A repressão policial, apesar de ter diminuído, ainda se fez presente na festa deste ano. Depois de ter levado 60 mil pessoas ao desfile no domingo, o bloco Alcova Libertina se apresentou num dos nove palcos montados pela prefeitura na praça da Estação. A programação, porém, estava atrasada, e o show teve de ser reduzido. “Quando anunciamos isso para o público, surgiram gritos de ‘Fora, Lacerda’. Neste momento, nosso vocalista iniciou uma fala comum em nossas apresentações em defesa da legalização do aborto, da revisão da lei das drogas e da desmilitarização da PM. Na nossa última música, havia pelo menos 15 policiais em cima do palco exigindo o final do show. Intimidados, tivemos de encerrar nossa apresentação no meio da canção. Ter PM no palco não é normal. Pra mim, isso é um fato de censura”, relata Isabela Leite, produtora cultural, musicista e membra da Alcova Libertina e de outros blocos do carnaval de Belo Horizonte.

Bloco Filhos de Tcha Tcha 2015 O bloco Filhos de Tcha Tcha saiu nas ocupações Isidora, Esperança e Vitória (crédito: Flávia Mafra)

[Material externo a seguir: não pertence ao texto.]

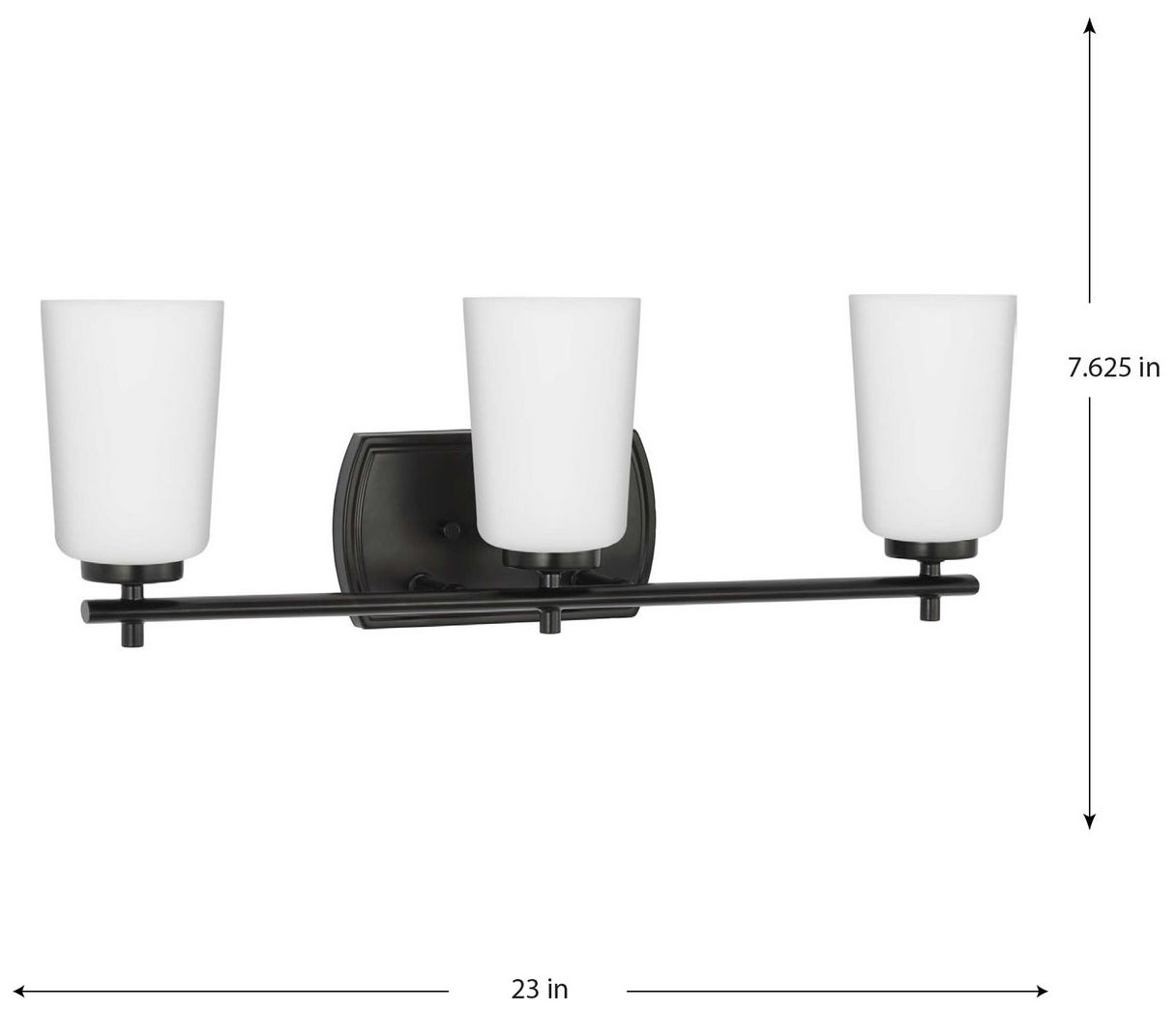 Image 4 Progress Lighting Adley 3-Light Etched Opal Glass Vanity Light more views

Mesmo diante do interesse político e econômico que ronda a festa, as pessoas que fazem o carnaval não demonstram desânimo. O economista Rodrigo Castriota, por exemplo, participou como músico ou regente de mais de dez blocos este ano. Para ele, o que complica é o dispendio de energia e tempo. “Porque além de fazer um carnaval para cidade pelo simples amor à festa, a gente tem que ficar levantando a voz para a multinacional e a prefeitura que tentam lucrar com as nossas caras e o nosso suor”.

Ele ainda afirma que isso não será entrave para os próximos anos. “Nós aprendemos que com a força da coletividade é possível fazer qualquer coisa, inclusive um carnaval imenso e lindo, sem patrocinadores,” comenta.

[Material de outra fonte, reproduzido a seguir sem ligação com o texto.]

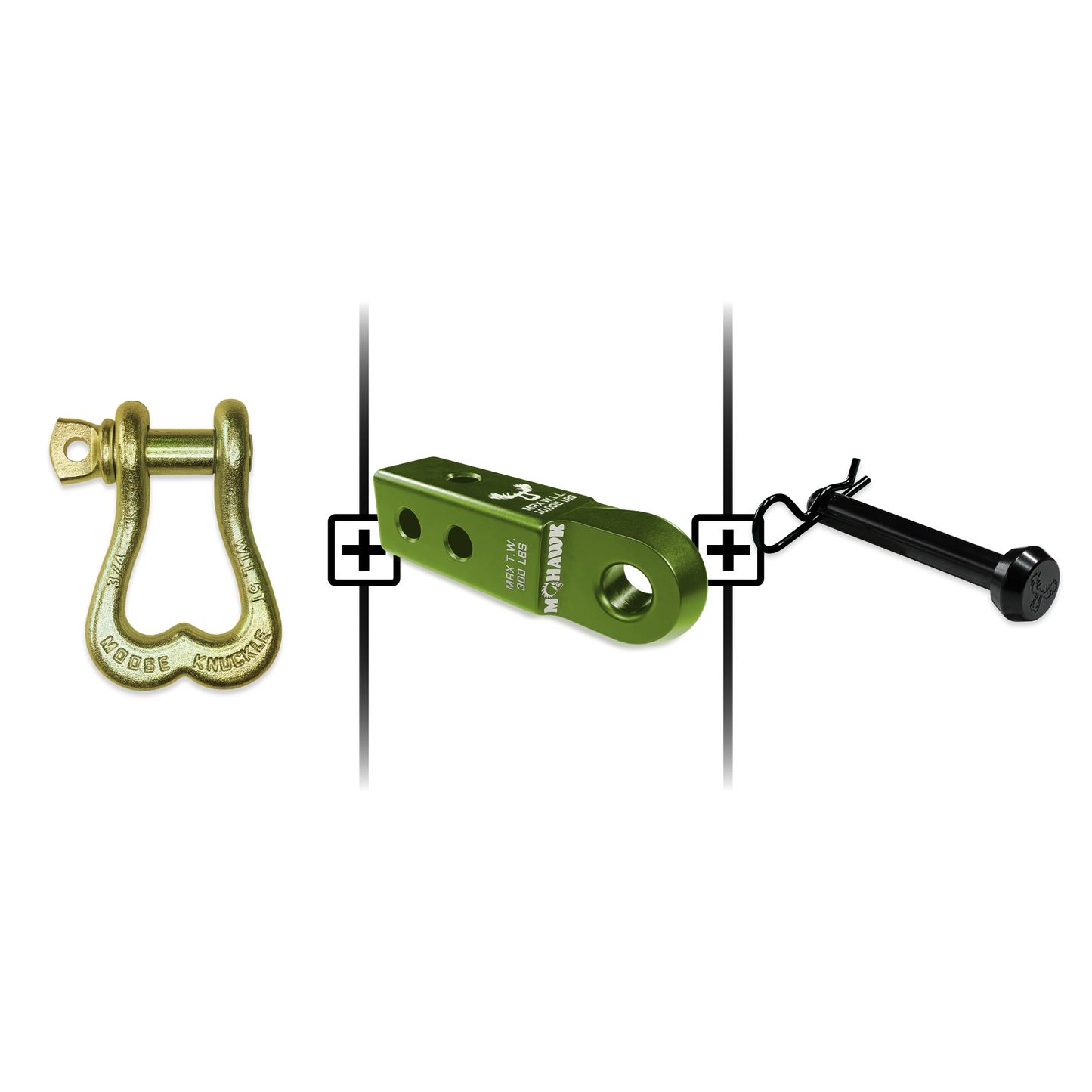 XL Shackle 3/4 Mohawk Receiver 2.0 Hitch Pin Bundle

Para demonstrar o descontentamento com os patrocínios, um grupo de 51 blocos lançou uma nota condenado o que eles classificaram ser “uma esdrúxula tentativa de apropriação financeira da festa” de algo que é “do povo para o povo”. Eles também acusam a cervejaria de se utilizar imagens e conteúdos produzidos pelos blocos para divulgar sua marca no Facebook. Em nota, a Skol defende-se dizendo que o material publicado na rede social não passa por sua aprovação. “A Skol foi a patrocinadora oficial do carnaval de BH pelo segundo ano consecutivo, sendo uma das principais apoiadoras desse movimento cultural”.